Bello, president of the Freedom from Debt Coalition (FDC), said he was skeptical of the move because the government has so far failed to draw up a comprehensive plan to address the energy crisis.

He said the government should explain how it arrived at the figure of P1 billion, and how this fits into a “larger energy plan.''

“Until then, we would be skeptical. That might be another `give away P500 kind of thing','' he later told reporters. “What we're looking for is a comprehensive, emergency energy strategy, not piecemeal kinds of responses.''

Malacañang announced it was allocating P1 billion for operators planning to convert their fleets of jeepneys, buses and taxis so that they can run on liquefied petroleum or natural gas instead of diesel or gasoline.
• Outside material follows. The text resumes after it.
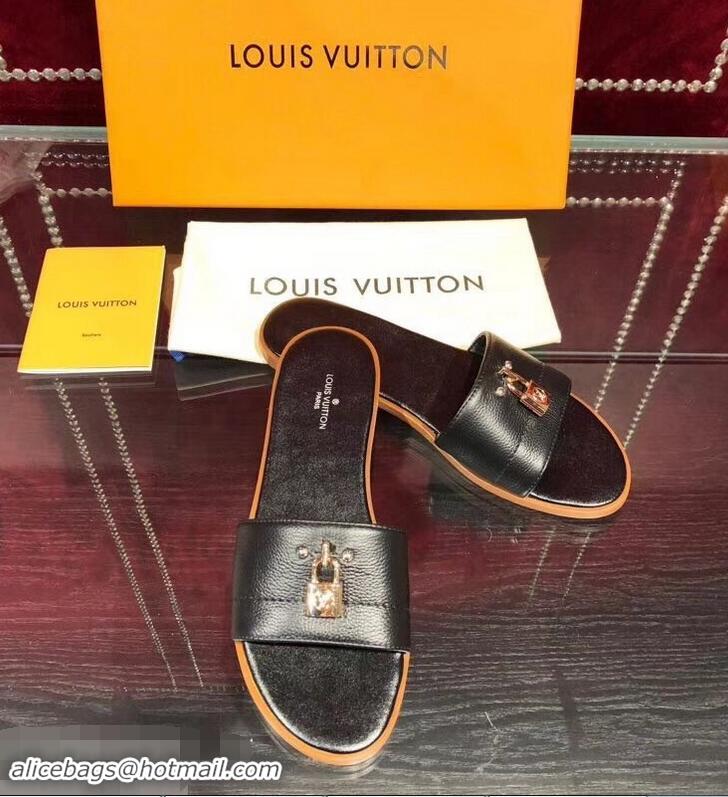 Buy Low Cost Louis Vuitton Lock It Flat Mules LV94901 Grained Black 2019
The fund, to be sourced from value-added tax (VAT) collections, would be granted to the operators and drivers in the form of loans.

In his talk, Bello, who is also senior researcher of Focus on the Global South, said that the administration, like its predecessors in the post-EDSA I era, was contributing to the dismantling of the infrastructure of the energy sector.

After President Corazon Aquino dismantled the state energy complex by abolishing the Department of Energy (DoE), her successor President Fidel V. Ramos sold the government's controlling bloc of Petron shares to foreigners, he said.

Since it controlled 40 percent of the market, Petron set its price, and the big oil companies “tended to follow,'' according to him.

“Marcos was guilty of many crimes, but, as they say, we must give the devil his due. His regime did have a proactive energy strategy and an effective energy bureaucracy,” he said.

At present, the DoE could only monitor but not intervene when the big oil companies jack up pump prices, Bello said.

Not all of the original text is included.